After Germany invaded the Soviet Union Stsiborskyi returned to the city of his birth, Zhytomir, which was then under German administration.  In 1941 the Melnyk faction of the OUN of which Stsiborskyi was a significant leader became involved in stimulating a rebirth in Ukrainian culture in Zhytomir, the first major Ukrainian town east of the 1939 Soviet border that had been captured by German forces. Prosvita societies were founded, Ukrainian-language broadcasts were produced, two new secondary schools and a pedagogical institute were founded, and a school administration was established. Many locals were recruited into the OUN-M.  The OUN-M also organized police forces, recruited from Soviet prisoners of war.  Stsiborskyi and Senyk, another member of the OUN-M's Provid, came to Zhytomir in order to direct the OUN-M's efforts to secure eastern Ukraine.  On August 30, however, after having attended a meeting of the regional police, they were both gunned down and killed by Stephan Kozyi, a person from West Ukraine who was himself immediately killed by German and Ukrainian police.  The anti-Melnyk Bandera faction of the OUN was strongly implicated in Stsiborskyi's assassination, although it has denied its involvement.  An earlier article had declared that Bandera promised that Senyk and Stsiborskyi would be the first people whom he would destroy in the Ukrainian lands, the OUN-B had issued a secret directive forbidding OUN-M's leaders from entering eastern Ukraine (Melnyk referred to this document as a "death sentence"), and immediately after the assassination leaflets were distributed in Kyiv by Bandera's followers that justified the act.  The assassination resulted in a bloody crackdown on Bandera's followers by the German authorities. Prominent Ukrainian nationalist writers Olena Teliha and Oleh Olzhych denounced Bandera's faction of the OUN for this assassination.

Political and social ideas 

Stsiborskyi was the principal theorist of the OUN prior to its split into the hostile Melnyk and Bandera camps. He believed that the idea of democracy that began to spread throughout the world following the French Revolution had reached its high point prior to World War I and subsequently came into decline.  He wrote that democracy and capitalism were inseparable, and that the two systems helped bring about much material progress and innovation throughout the nineteenth century. He also saw them as fundamentally flawed. Stsiborskyi felt that democracy and capitalism required equal rights and freedoms while, at the same time, nature was inherently not equal.

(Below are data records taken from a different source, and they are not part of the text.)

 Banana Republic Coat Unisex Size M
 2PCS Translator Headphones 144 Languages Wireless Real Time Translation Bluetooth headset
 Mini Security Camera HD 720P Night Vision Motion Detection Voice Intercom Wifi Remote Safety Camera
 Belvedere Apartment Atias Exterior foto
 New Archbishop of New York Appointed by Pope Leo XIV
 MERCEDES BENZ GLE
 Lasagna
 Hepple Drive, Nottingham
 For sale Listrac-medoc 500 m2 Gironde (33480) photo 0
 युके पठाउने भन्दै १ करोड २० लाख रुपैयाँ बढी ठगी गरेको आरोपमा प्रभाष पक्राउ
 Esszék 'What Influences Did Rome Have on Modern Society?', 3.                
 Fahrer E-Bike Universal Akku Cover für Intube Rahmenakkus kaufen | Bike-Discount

With time, the weak were bound by the capitalist system to become enslaved by the strong and the democratic slogans of universal brotherhood were considered by Stsiborskyi to be merely sentimental and empty phrases.  The reality in a democracy, according to Stsiborskyi, was that political rights and social control existed in direct proportion to economic power.  Democracy thus became a playground for competing groups, each promoting its own interests rather than those of the nation as a whole.  These interests vie for votes, and employ bribery and corruption. For these reasons, Stsiborskyi felt that ultimately the most creative, talented, and best elements in a democratic society retreat from politics in disgust. 

Stsiborskyi considered socialism and communism to be identical in their theories and worldview, and wrote that both were flawed reactions to democracy's failures. He rejected their emphasis on the Proletariat (working class) and claimed that socialism, as well as communism, inevitably leads to a dictatorship in favor of one social group at the expense of others in the nation.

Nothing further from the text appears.